"""

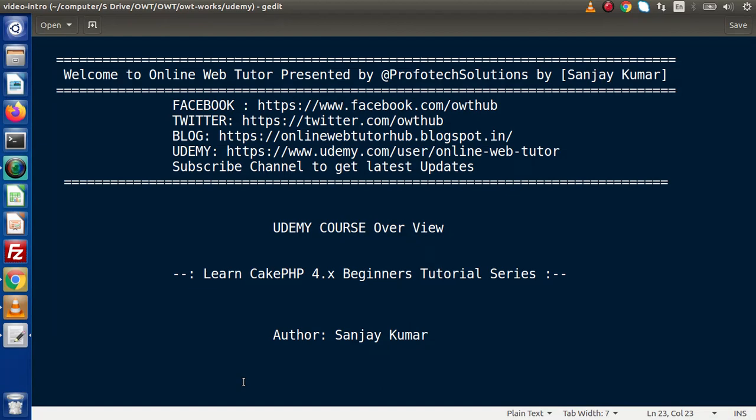Hello guys, welcome to Online Web Tutor presented by ProfotechSolutions team. I am Sanjay. Now inside this video session, this is an announcement for us - we have released the CakePHP course which is of the latest version, that is version 4.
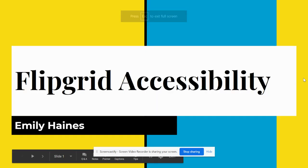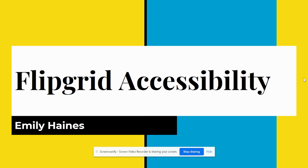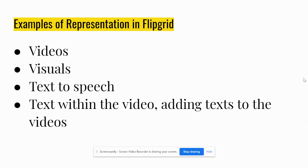As I researched Flipgrid accessibility features, I found that it is very accessible for students to use. Some examples of representation in Flipgrid include videos, visuals, text-to-speech, and text within the video. This is just different ways that the students can approach Flipgrid while making their responses to the prompts that I give them.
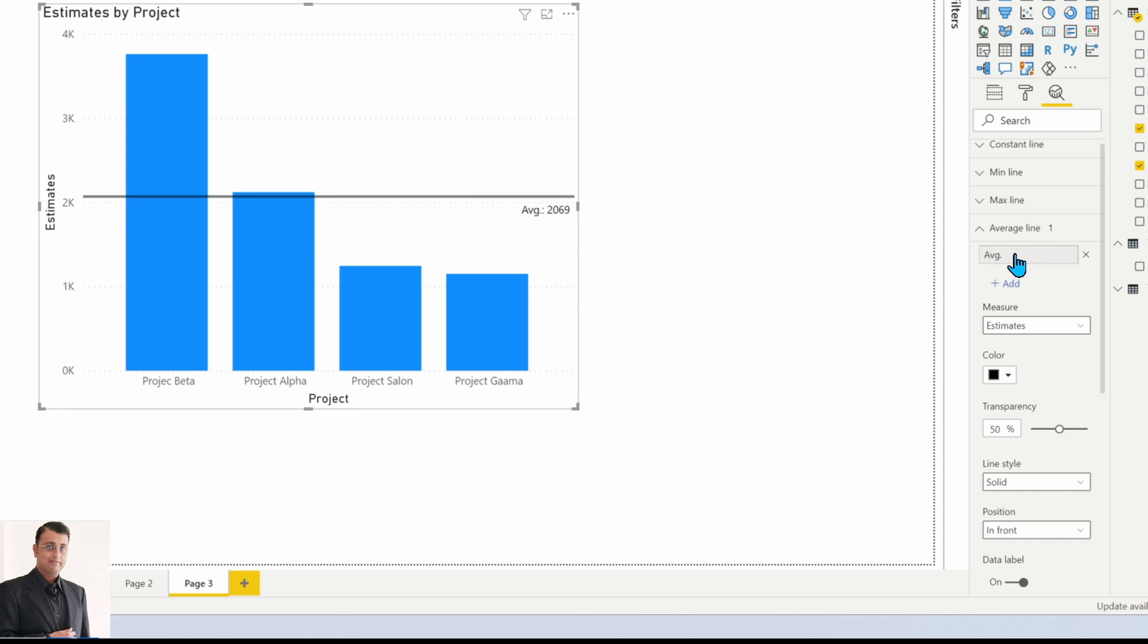So I hope this tip is helpful to you, and this is how you can add an average line to your bar chart.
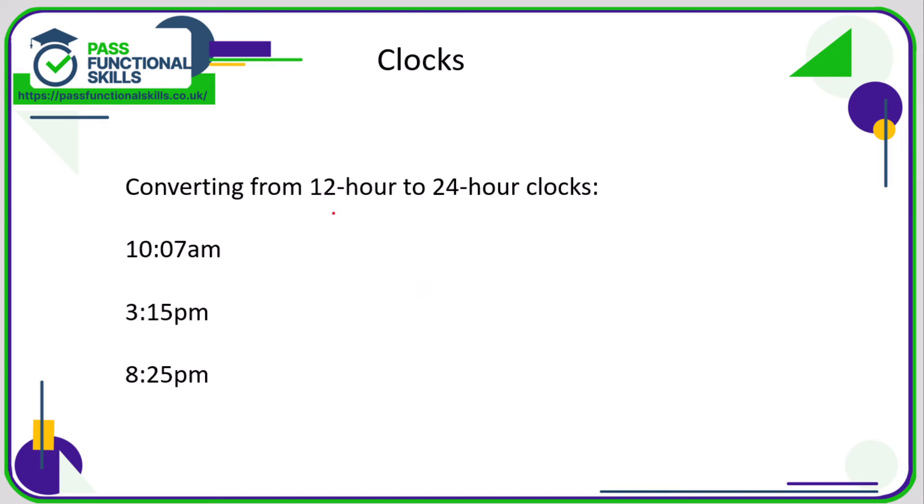When you're converting from the 12 hour to the 24 hour clock, if it's a morning time, all you need to do is just stick all the numbers together. Not a problem. So 10.07, you might see it might be acceptable to keep the colon there as well, not a big deal.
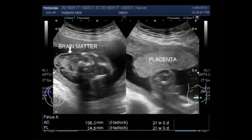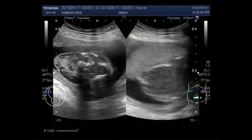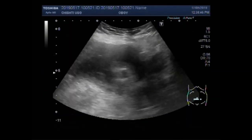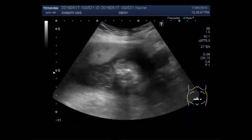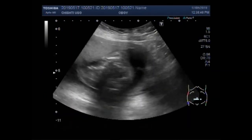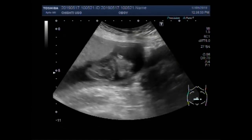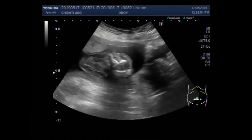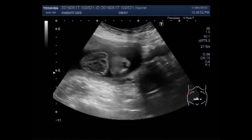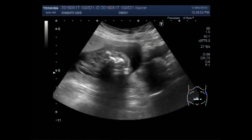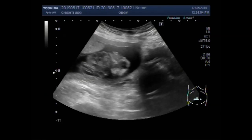Dear viewers, I hope you are all fine. This ultrasound video shows a case of anencephaly — absence of skull bone.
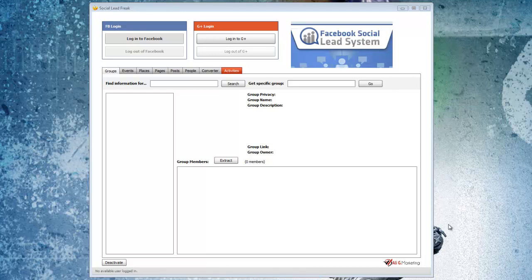All right, in this video I want to go over some pretty cool software that I've been using lately. It's called Social Lead Freak.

"""

= Work required =
All that is wanted is an exact copy of the lines from the line bearing "So I hope this" through the final line of the entries, including both ends but no pictures.

= Task answer =
So I hope this tip is helpful to you, and this is how you can add an average line to your bar chart.
When you're converting from the 12 hour to the 24 hour clock, if it's a morning time, all you need to do is just stick all the numbers together. Not a problem. So 10.07, you might see it might be acceptable to keep the colon there as well, not a big deal.
Dear viewers, I hope you are all fine. This ultrasound video shows a case of anencephaly — absence of skull bone.
All right, in this video I want to go over some pretty cool software that I've been using lately. It's called Social Lead Freak.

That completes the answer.